A Democratic Paradigm

Omar at Iraq the Model posts an amusing parody of a Syrian news article praising elections in Syria. Omar writes:

I received this sarcastic article via e mail from a Syrian friend who's a member of the "Reform Party of Syria". The article talks about the latest election in Syria and compares between this one and the Sunday elections of Iraq. Here's the whole article:

Doubt reigns over the outcome of Syrian elections; Outside observers question legitimacy of Bashar Assad's 99% victory over (now presumed missing) opponent.

Results from Monday's Syrian elections were announced today, with a clear mandate handed to Bashar Assad, with his ruling Ba'ath party sweeping the elections with a staggering 95% of the votes. However, opposition parties such as the Communist Party and the Liberal Syrian Nationalist Party voiced complaints that their election results of negative 5 and 3 percent respectively were products of an unfair and rigged election process.

The head of the Ba'ath party regional politburo promised to immediately look into allegations of fraud and "resolutely and mercilessly deal with complaints so that they never ever happen again...ever."!

CNN analyst Fareed Zakaria however moved fast to point out that the high voter turnout rate ought to be looked at as a positive developmental sign for democracy in Syria. "With a 90% voter turnout rate, Syria remains light years ahead in the field of democratic involvement as opposed to one certain neighboring Arab so called democratic state...I don't want to start naming names here or getting into a game of my-Arab-country-is-more democratic-than-yours...but lets face it, Syria's elections went off without a hitch and were never marred with the uncertainty and chaos of not knowing who was going to win."

When asked for their opinion on the remarkably high turnout of Syrian voters, unfriendly election 'monitors' simply shrugged and pointed to their bats.

A number of Middle Eastern experts also praised the convenient simplicity and easy to understand ballot for the Syrian presidential elections. While the ballots in the recently conducted Iraqi elections included as many as a hundred different entities and nearly seven thousand candidates, the Syrian ballot was in contrast much more compact allowing for little room for voter confusion (in most instances the ballots were already pre-marked in favor of Bashar Assad).

In addition, Ba'athist officials this year introduced a new 'voter friendly' ballot to ensure that absolutely no Syrian citizen would be faced with the dilemma of indecision (let alone chaos) that plagues many voters in the democratic world. At the top of each ballot now stands a picture of a smiling Bashar Assad above a caption that reads: 'Vote, your life may depend on it'.

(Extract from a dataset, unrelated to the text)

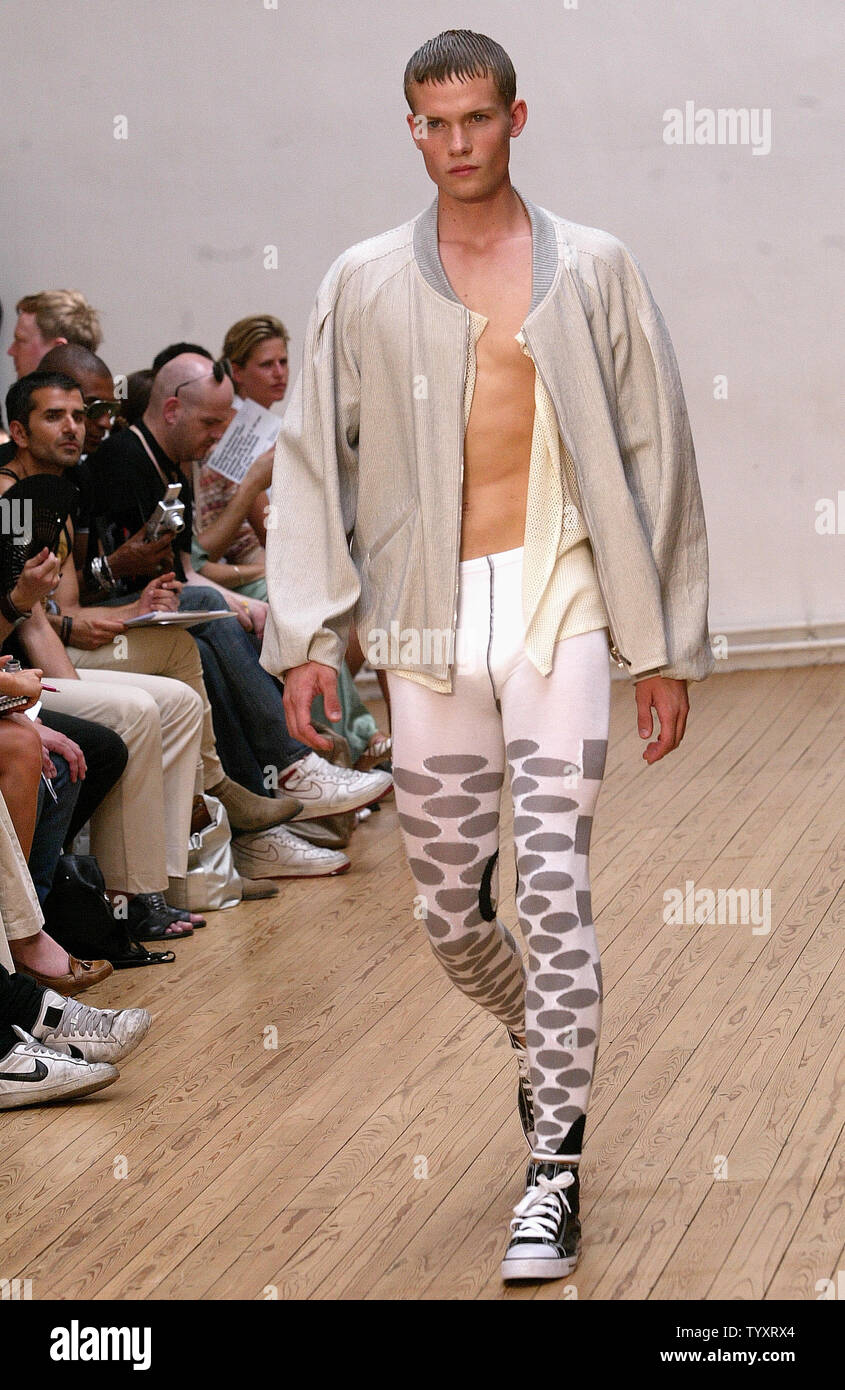 Louis Vuitton Spring 2007 Menswear Fashion Show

Ba'athist elections officials were mulling using a more direct slogan next year 'Vote or die' but feared comparisons with a similar slogan by American channel MTV urging young people of that country to vote. However, Syrian Ba'ath officials were quick to remark that any superficial similarities between the slogans were completely coincidental and not to be taken in similar context. 'Believe me, we mean it in a totally different way' said Nabil Wahshi, general secretary of the Damascus Ba'ath party.

In a New York Times editorial, Michigan University's professor of Middle Eastern studies Juan Cole said that he saw the elections in Syria as a model for other Arab countries to follow. "The last thing the Arab people need is a red herring like 'free and open elections' to distract them from the international Zionist/Neo-Con conspiracy to take their oil" Professor Cole then added that President Assad's ability to gain such a high percentage of the vote "all the while maintaining an oligarchic cult of personality oppressive regime mired in nepotism and corruption" was "truly impressive" and a positive sign of "Arab solidarity."

Indeed, many regional experts contend that the Syrian elections are the most legitimate to date among any held in the Arab world. According to one (unnamed) Syrian political analyst, "The Syrian elections are totally legitimate and a great advancement of Arab pride. No one can say that Bashar Assad heads a puppet regime, it is not controlled by foreign outside forces... or by the people, and it is completely unbeholden and unaccountable to anyone!"

In a sign of international solidarity, Richard Gere phoned to give his congratulations to president Assad and according to one observer was overheard playfully teasing Assad - reportedly remarking -"Hey buddy, 20 more years, eh?"

Assad in a televised address this Tuesday said that he wished to thank the Syrian people "from the bottom of my heart" for their support and continued faith in his Baathist regime, cryptically concluding that "While I may not be able to thank each and every one of you who voted for assured, someone on my behalf will be paying a visit for those of you who did not."!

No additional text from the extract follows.